Federal transit officials this week signed off on an environmental impact study of the Green Line Extension, clearing an incremental hurdle for the project as it plods toward fruition, state planners announced.
Without the environmental thumbs-up, the project would lose a shot at $557 million in federal New Starts grants requested by the state and currently under review by the Federal Transit Authority. In its grant application, MassDOT also previewed what it said could be likely long-term options for funding transportation costs, most of which are politically difficult and depend on legislative action before the start of the next fiscal year.
The menu of revenue options so far include suggestions of tying the gas tax to inflation, boosting parking and vehicle registration fees, dedicating some gaming revenue to transportation costs, and taxing motorists 1-cent for every mile they drive.

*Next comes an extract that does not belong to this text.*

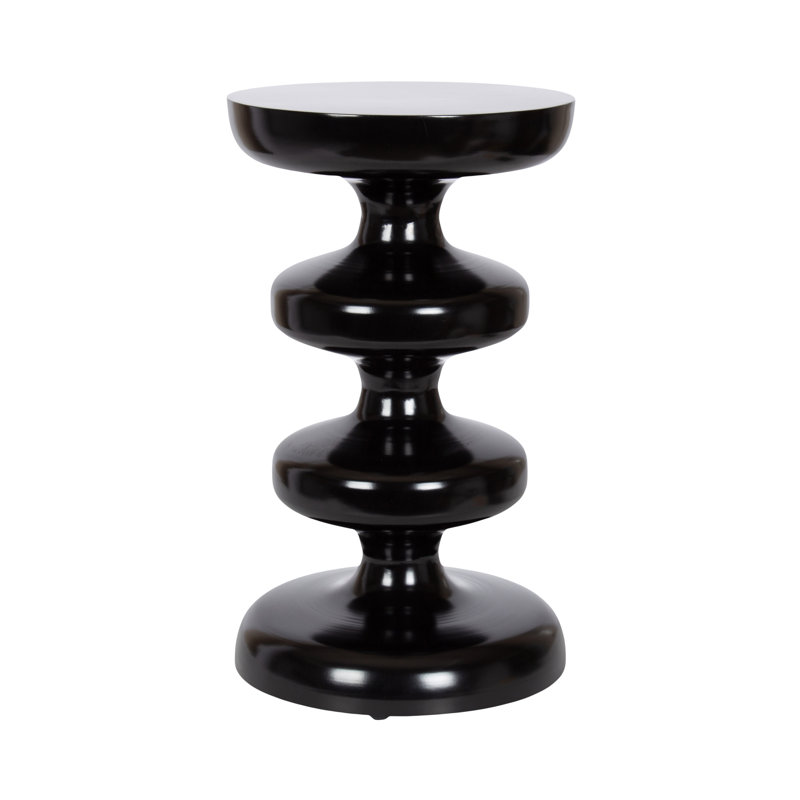 Fondi Modern Metal Round Side Table, Black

Last month, the FTA gave preliminary approval for the more than half-billion dollars in cash grants, a half-step toward paying for preparatory engineering and planning, while final approval for the money still pends.
"The New Starts program is one of the most competitive funding programs in the nation, and MassDOT and the MBTA have spent four years preparing application materials in support of the Green Line Extension," according to the MBTA, in a statement released by the Green Line project team. "Preliminary approval under the New Starts program is a major step forward for the Green Line Extension project."
But the federal money is by no means guaranteed, and could hinge on if -- and when -- the state acts to take control of its transportation future. Doubts still linger about how Massachusetts lawmakers will decide to pay for the state's $777 million share of the line's estimated $1.33 billion total price tag.
Of the $777 million, plans call for the state to borrow roughly $558 million through bonding, with the remaining $218 million to come from the state's general fund, revenue that must be raised and sustained, according to a letter from a top New England FTA administrator to Richard A. Davey, state Department of Transportation Secretary.
In the June 11 message announcing the preliminary funding approval to pay for design costs, Mary Beth Mello, the FTA's regional transportation administrator, called the the Green Line Extension financing scheme satisfactory, but said "... the current financial plan assumes several large new, uncommitted funding sources ..." she wrote.
The obligation to pay for a portion of the project has vexed lawmakers, who have been at odds over how to solve what critics in the state call a transportation funding crisis. The legislature will be up against a bevy of debts and obligations, including the recently adjusted $24.3 billion estimate of long-term Big-Dig costs, which hikes annual debt service owed by the state beyond $440 million.
Also a consideration will be the MBTA's $1.6 billion in debt left over from the defunct Massachusetts Turnpike Authority; and an estimated $20 billion maintenance backlog for transportation infrastructure state-wide.
The Green Line Extension was ordered built as part of a lawsuit won by environmental advocates who argued the Big Dig brought unexpected environmental and health risks to the communities that border Interstate 93 near the tunnel. If constructed to its current specifications, trolley service would extend through Somerville to Route 16/College Avenue in Medford, and would also branch through Union Square in Somerville.
The original court order called for the project to be completed by 2014, but planners last August revised their expectations, saying train service to seven new stations on the more than four miles of new track could start no sooner than 2018, with an outside projected start date of 2020.
Combined with a 23 percent hike of most MBTA fares by that took effect July 1, pressure has continued to build on Governor Deval Patrick, Davey, and the state legislature to find a permanent transportation funding source before the end of the next fiscal year on June 30, 2013.
Much of the financial reforms are also called for by the federal authorities, who have final review over the hundreds of millions in grants necessary to build the 4.3 mile light-rail line. In her letter, Mello said that the most feasible long-term funding strategies MassDOT suggested in its grant application include transferring to the state the MBTA's $1.6 billion in legacy debt, a 1-cent per mile tax on vehicle travel in Massachusetts, and, dedicating new casino gambling revenue to transportation costs. She dismissed suggestions of increasing new parking fees for commuters and commercial vehicles, and a handful of other financial tweaks deemed impractical or ineffective.
Mello deemed unworkable as revenue streams, however, further hikes to MBTA fares and fees; a scheme to charge commercial vehicles' parking fees; and a plan to tie increases in the gas tax to the rate of inflation. Davey, in previous statements, has said this year's hike in fares and cuts to service are a one-year fix to a perennial problem that the state must address before June 30, 2013.
"Considerable progress on gaining commitment of new sources of [state] funding will be necessary before FTA will contemplate approval of the project into [final design]," Mello wrote.